At a pre-launch briefing Oct. 28, NASA and United Launch Alliance officials reported no problems with the launch vehicle or any other issues that would delay the launch, beyond unsettled weather that was forecasted for the launch.

“The team’s not working any issues and we’re on track for a 2:25 a.m. Pacific launch here,” said Gary Wentz, vice president of government and commercial programs at ULA, during the briefing, which took place after a launch readiness review earlier in the day.

The primary payload for the launch in JPSS-2, the second satellite in a series of polar-orbiting satellites operated by the National Oceanic and Atmospheric Administration for weather forecasting. It will join JPSS-1, which entered service in May 2018 six months after its launch.

A third polar-orbiting satellite, Suomi NPP, also provides weather data. The spacecraft was originally built as a prototype for the National Polar-orbiting Operational Environmental Satellite System (NPOESS), but was turned into an operational satellite when NPOESS was cancelled. Suomi NPP is nearing the end of its life as it runs out of propellant to maintain its orbit.
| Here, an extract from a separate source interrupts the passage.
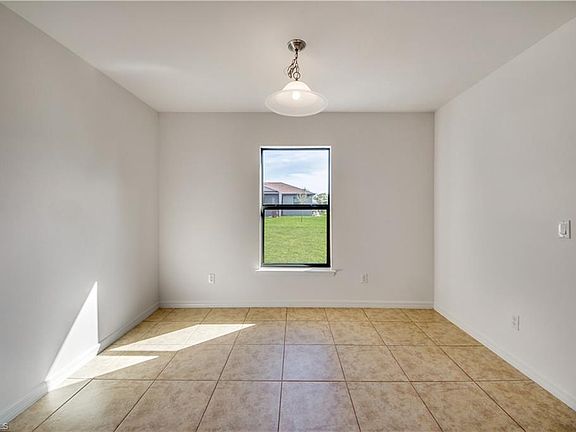 5th image of 851 Sea Urchin Cir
While JPSS-2 is the second satellite of the program, it is the first of three built by Northrop Grumman under a contract awarded in 2015. Ball Aerospace won the contract for the first JPSS satellite.

In an Oct. 24 interview, Steve Krein, vice president of civil and commercial space at Northrop Grumman, said there had been no issues with processing of the satellite for launch. The company is “well along” in the production of JPSS-3 and -4, he said.
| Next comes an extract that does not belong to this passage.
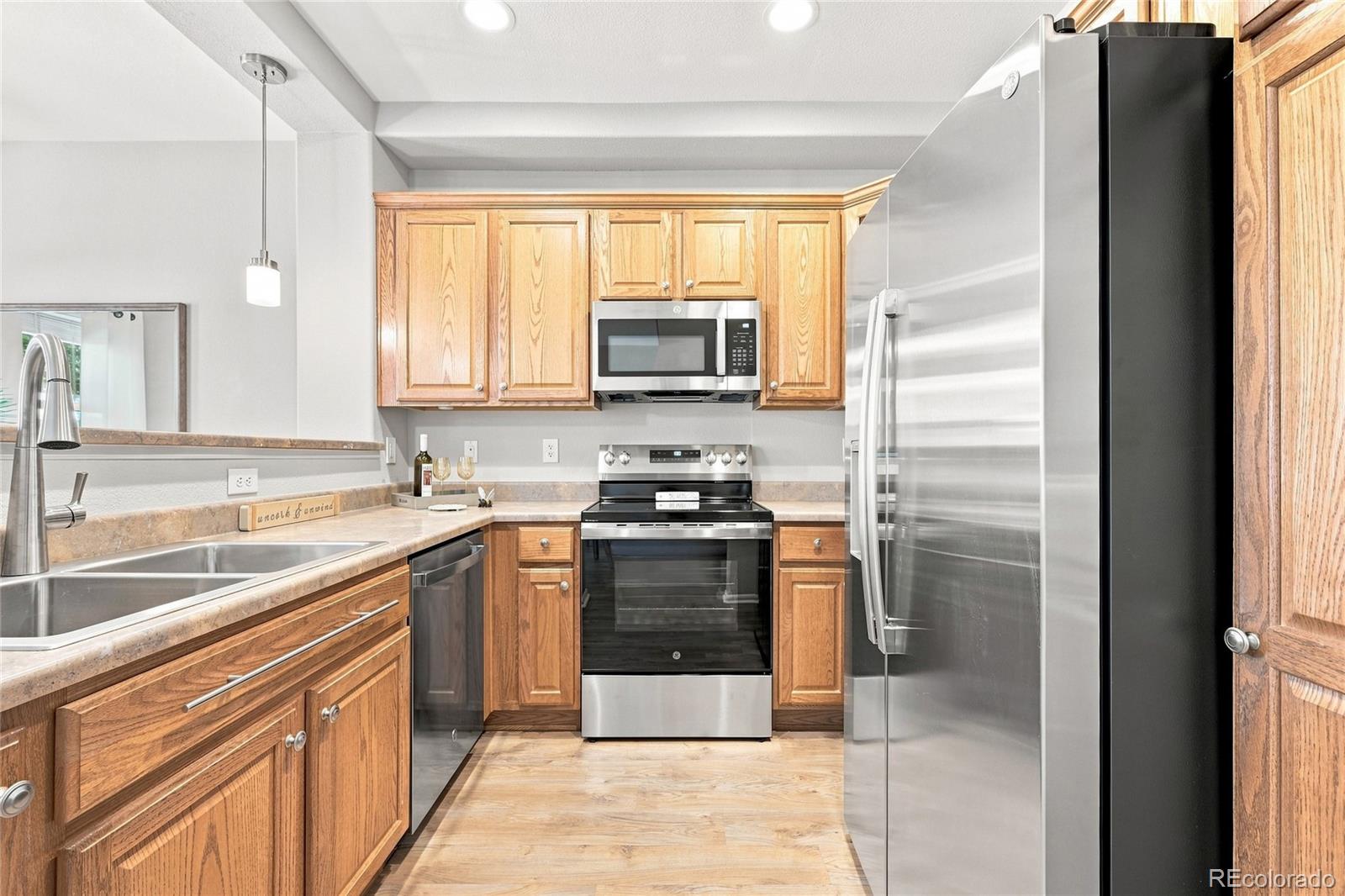 MLS Image #11 for 17926 e 104th way,commerce city, Colorado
The satellites use the latest version of Northrop’s LEOStar-3 bus. “We’ve got a new avionics suite, we’ve got a new set of sensors, wheels, star trackers, et cetera, that we brought to bear both for the Landsat [9] mission and the JPSS mission,” he said. “It’s a continuous upgrade in components and operating paradigms.”
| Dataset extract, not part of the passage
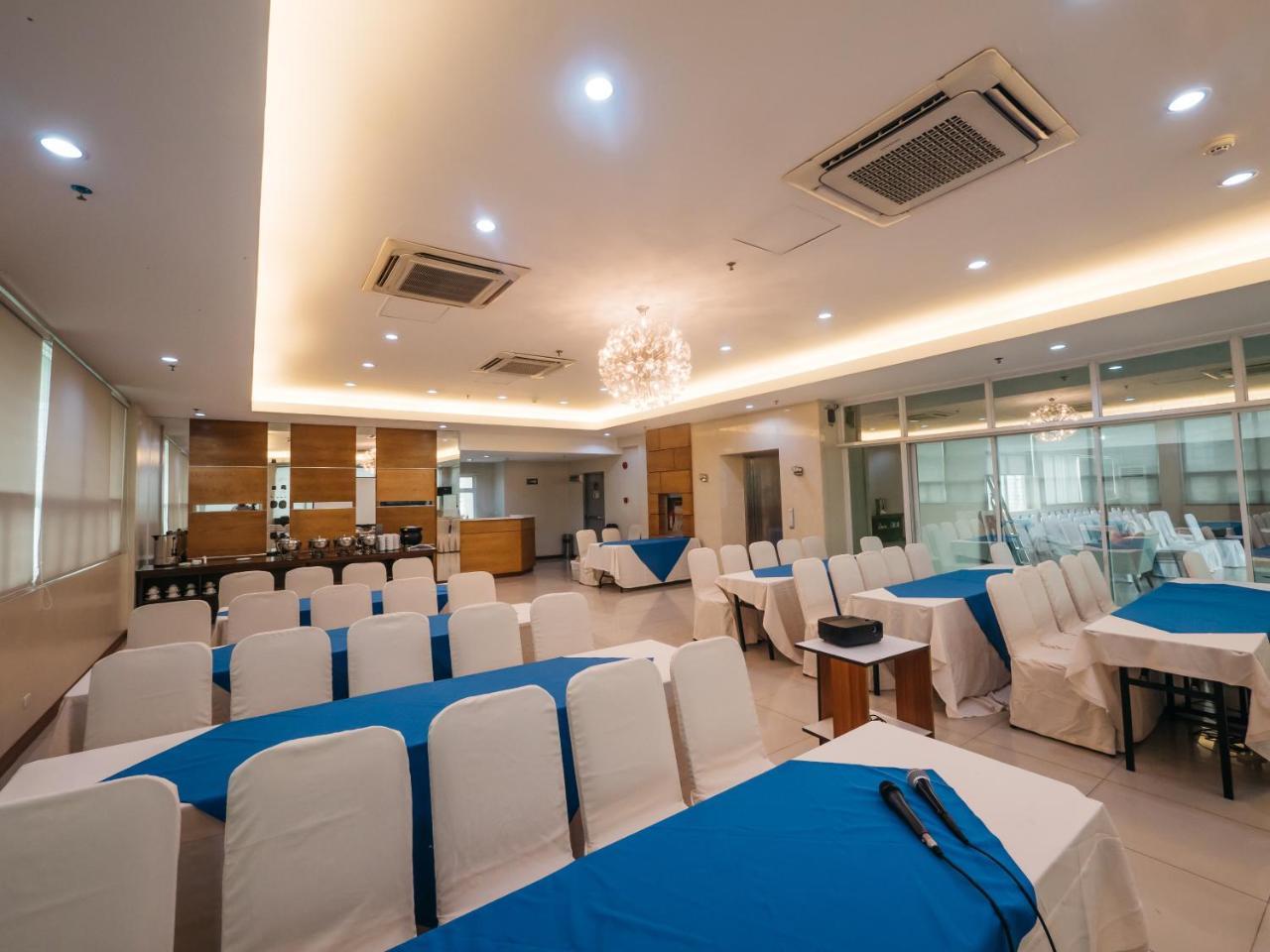 The Well Hotel Себу Экстерьер фото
Also on the Atlas 5 is NASA’s Low-Earth Orbit Flight Test of an Inflatable Decelerator (LOFTID), a technology demonstration payload that will deploy an inflatable heat shield six meters across. LOFTID will separate from the Centaur upper stage after the stage performs a deorbit burn. The inflatable shield will slow LOFTID from Mach 25 to Mach 0.7, then deploy a parachute and splash down east of Hawaii for recovery.

LOFTID is the latest in a series of tests of inflatable decelerators that NASA envisions could be used to support future Mars missions too large to land using existing systems. ULA is also interested in the technology as a means of recovering the BE-4 engines on the Vulcan first stage for potential reuse.

The launch, the 100th in NASA’s Launch Services Program, will be the final Atlas 5 mission for the program and the final Atlas 5 to launch from Vandenberg. Wentz said that, after the launch, ULA will start work to convert the Atlas pad at Vandenberg, Space Launch Complex 3, for use by the Vulcan rocket.